School days might be longer for some students in Massachusetts

Alicja Kania, A & E Editor

Some schools in Massachusetts and at least four other states will be adding 300 hours to their calendar, either by adding extra school days to the year, or lengthening the amount of time students already spend in school, according to the Associated Press.

While the additional hours will not affect students at Ludlow High School next year, the trend seems to be going in that direction.

“I don’t know if an extended school day is the answer to making education better,” said Brian Bylicki, LHS history teacher.

The Associated Press reports that this extra time will be used for educational purposes only. Students may use it to get extra help and tutoring if they’re struggling, and cultural activities such as art and music.

Earlier this year, the idea of longer school days was proposed by President Barack Obama. He talked about how he wants schools to add time to classes, stay open late, and allow students in on weekends just so they have a safe place to go.

“Now, I know longer school days and school years are not wildly popular ideas,” said Obama. “Not with Malia and Sasha, not in my family, and probably not in yours. But the challenges of a new century demand more time in the classroom.”

One of Obama’s initial reasons for adding the extra hours is so the United States can compete more with students from other countries. Studies show us the amount of smarter countries, and many of them happen to have to have more time in school than American students. However, not all the educational statistics about us versus other countries that we see are entirely true.

According to a 2011 Harvard study, Massachusetts students rank fifth in the world in reading. In math, Massachusetts is ninth in the global rank and if some international educational studies didn’t rank Shanghai and Hong Kong as separate countries, Massachusetts would’ve been ranked two places higher.

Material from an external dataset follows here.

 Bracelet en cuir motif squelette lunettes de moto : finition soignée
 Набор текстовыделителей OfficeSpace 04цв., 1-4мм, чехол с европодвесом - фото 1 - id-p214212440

Adding hours to schools’ calendars will not come easily. There are bound to be a great amount of complications and difficulties that come with extending classroom time.

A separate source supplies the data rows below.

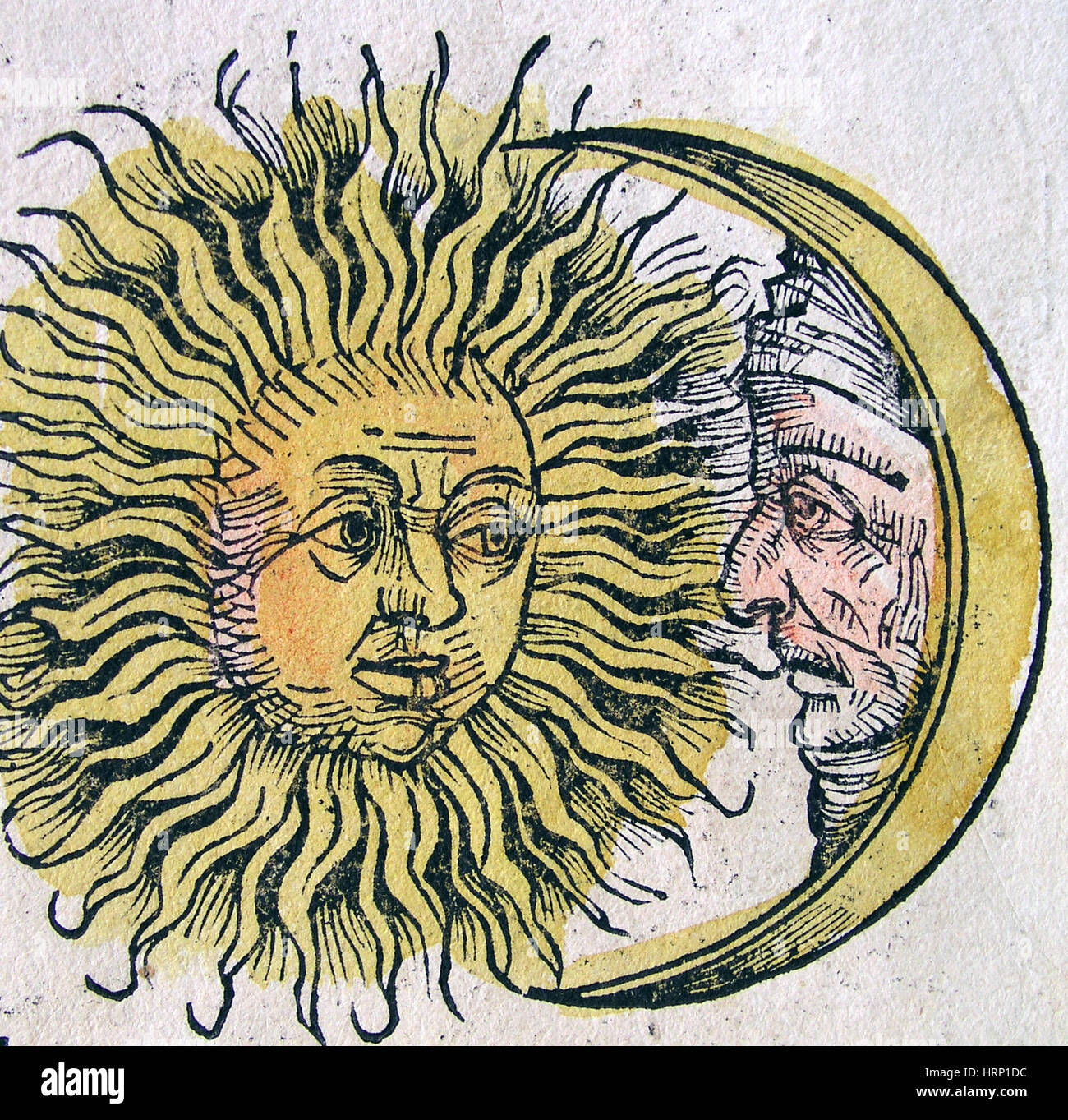 Sonne und Mond, Schedelsche Weltchronik 1493 Stockfoto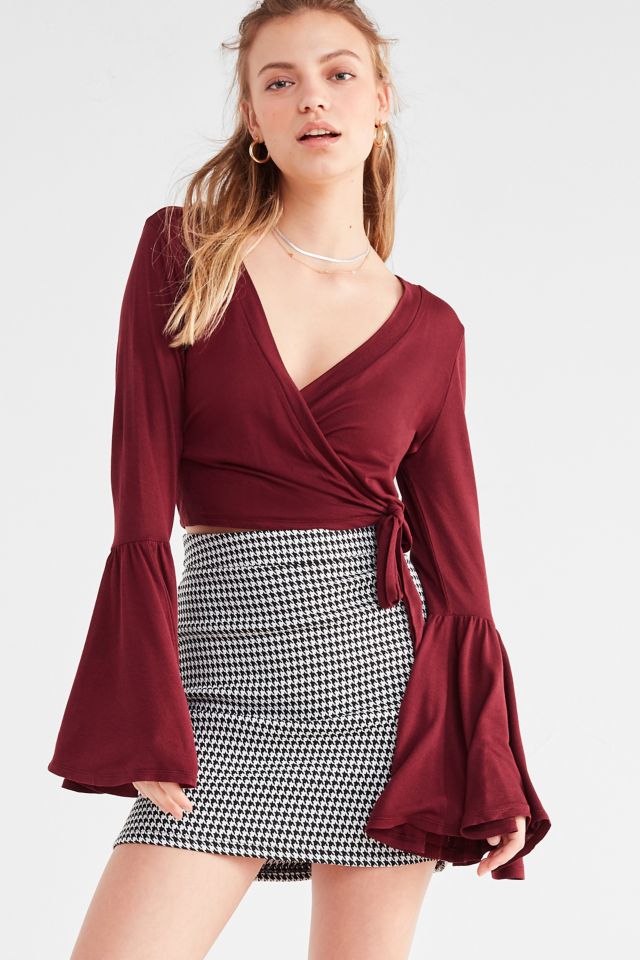 UO Celeste Bell-Sleeve Wrap Top | Urban Outfitters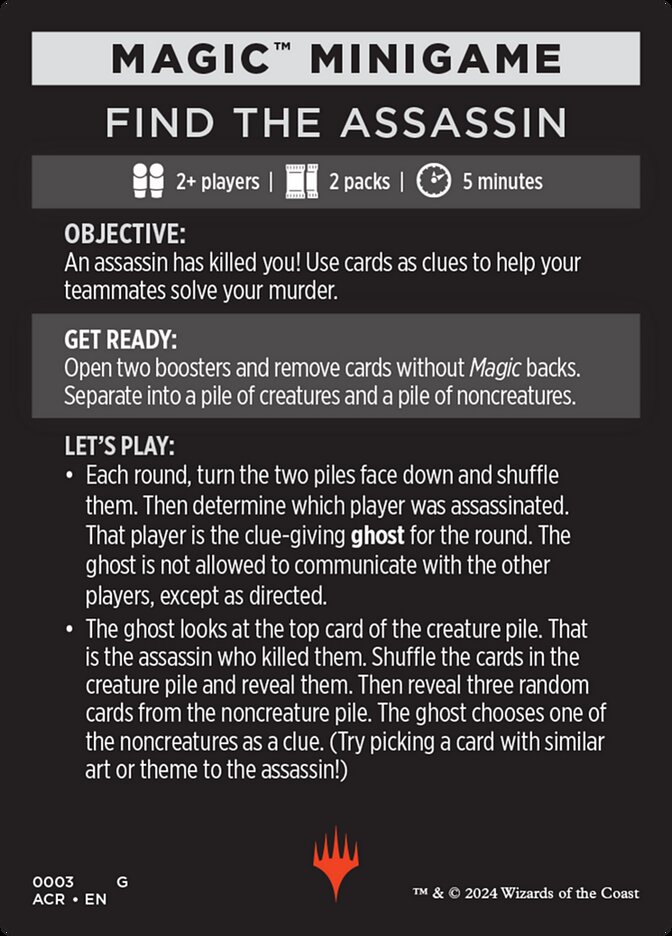 Magic the Gathering Card - Find the Assassin - MTG Circle
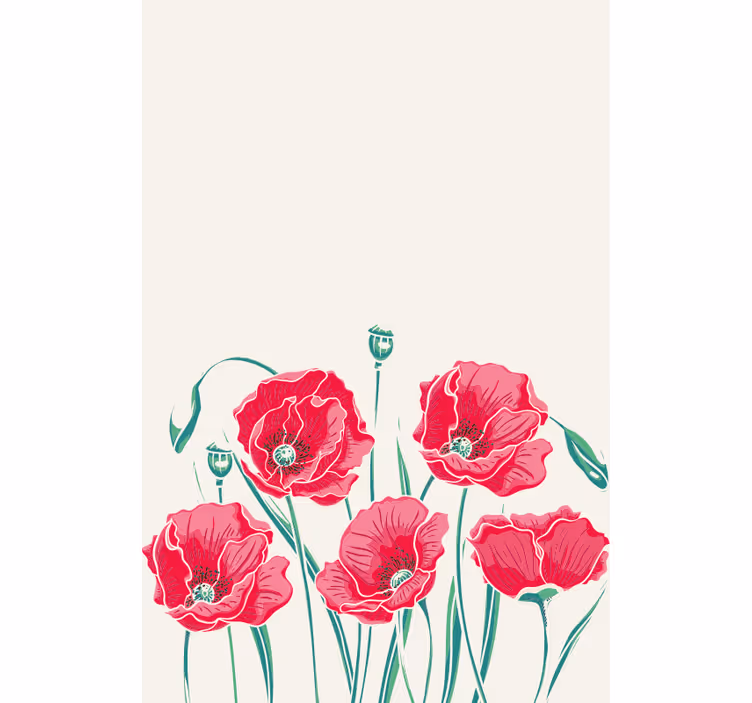 Stores enrouleurs fleurs et plantes Élégance coquelicot - TenStickers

“The idea is somewhat controversial” explains the Times. “It’s hard to fund, especially for cash-strapped districts already struggling to fund the current school calendar.”

The program in Massachusetts costs an extra $1,300 per student, or 12 percent to 15 percent more than regular student spending. The program received more than $17.5 million from the state Legislature last year.

Many students and staff members would be quick to agree but Ludlow High School isn’t going to be adding any extra hours to its school calendar mainly for cost issues. If the hours were to be added in the summer, the heat would most likely be unbearable for students and faculty to handle. Cost of air conditioning would most likely be one of the largest issues to overcome before our school could even consider the idea.